After a stint in the U.S. Army at the end of World War II, Herbert, originally from Maryland, took a civilian job as an electronics engineer for the War Department and then with the Glenn L. Martin Co. missile test crew at Cape Canaveral, Fla.
"Nobody had heard of the place when I went there in '52," he said.
The father of three and grandfather of two said that in the 1970s it was time for the family, including his wife of more than 50 years, Marilyn, to "take root" somewhere after so many years of traveling.
He became a business manager at Southern Connecticut State University and eventually retired, in 1991, as an administrative dean at Eastern Connecticut State University.
It was during his tenure at ECSU that he became reacquainted with flying.
A local Civil Air Patrol squadron had received an aircraft, and members had to log a certain number of hours per month on it or they would lose the plane. They knew Herbert was a pilot and asked him to occasionally fly.
"I had stopped flying sometime in the '70s and thought I got it all out of my system," Herbert said.
He initially declined but was curious about whether he could still pass the required physical. He passed and started flying again.
Of all his accomplishments in aviation, Herbert is most proud of his continued membership in the Thames River Composite Squadron, a unit of the Connecticut Wing of the Civil Air Patrol, an auxiliary of the U.S. Air Force.
"He's been around for a long time. He was there in the old days. He's a living history book for the CAP and a wonderful person to have around," said Squadron Lt. Col. and Commander Lawrence Kinch.
Elizabeth Scannell, one of Herbert's daughters, remembers as a 4-year-old being in the plane with her father and sitting atop two pillows so she could see out the window.
"I think it's pretty amazing that a man who is pushing 81 still has the mental and physical capacity to fly.
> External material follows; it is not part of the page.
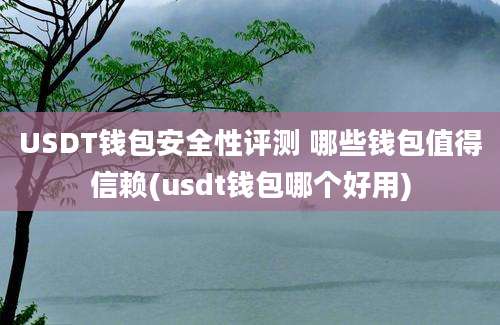 USDT钱包安全性评测 哪些钱包值得信赖(usdt钱包哪个好用)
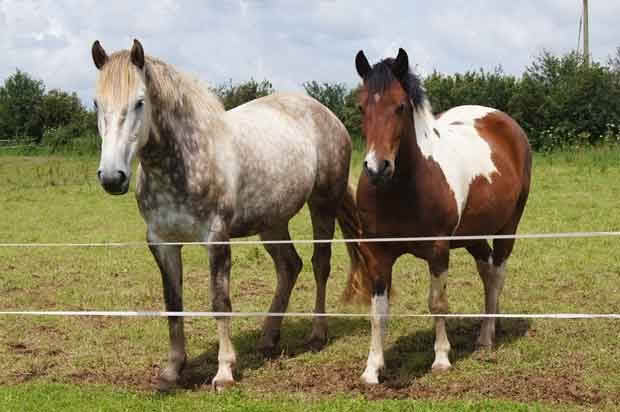 grazing horses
It's inspirational," she said.
Scannell's youngest son, Jonathan, 17, shares his grandfather's passion. He is a second lieutenant and the cadet commander of the Thames River Squadron. Jonathan took his first solo flight over the summer.
"Not everyone does it. It's something different. It's pretty impressive what he's done," Jonathan Scannell said of his grandfather.
As Herbert tells it, he's been flying so long he started with wooden propellers and 55 horsepower planes. He first took flight in 1947 at 18 years old, right around the time he joined the Maryland Air National Guard.
"All that time when I flew I expected that if I went down or if I was overdue the CAP would come search for me," Herbert said. "In the 1980s I thought, 'Gee, maybe I ought to do something for the CAP because of all those years I thought they could be looking for me.'"
He joined the Thames River Squadron in 1981. He has served the commander of the Connecticut Wing, overseeing 13 squadrons throughout the state, and is now the northeast region's CAP historian, with the rank of colonel.
In October 2008 Herbert was honored for his service to the patrol and recognized for a record-breaking flight from Hartford to York, Pa., which he did in two hours and three minutes, averaging slightly more than 202 kilometers per hour. He flew a Cessna 177B and the flight record represents the fastest speed of any piston- engine landplane weighing between 1,102 pounds and 2,205 pounds, according to a news release from the National Aeronautic Association distributed at that time.
The primary reason for the flight was not to break a record. It was to commemorate the 65th anniversary of the death of 2nd Lt. Andre E. Maye, a CAP pilot for the Courier Service stationed at Bradley Airport at the onset of World War II. Maye and mechanic George M. Menzel died when their plane crashed.
Currently, Herbert uses the Cessna Cardinal, which he has co-owned with other pilots since 2002, on many trips throughout the Northeast. He said he expects to continue serving and flying for many more years, so long as he passes his annual pilot's physical.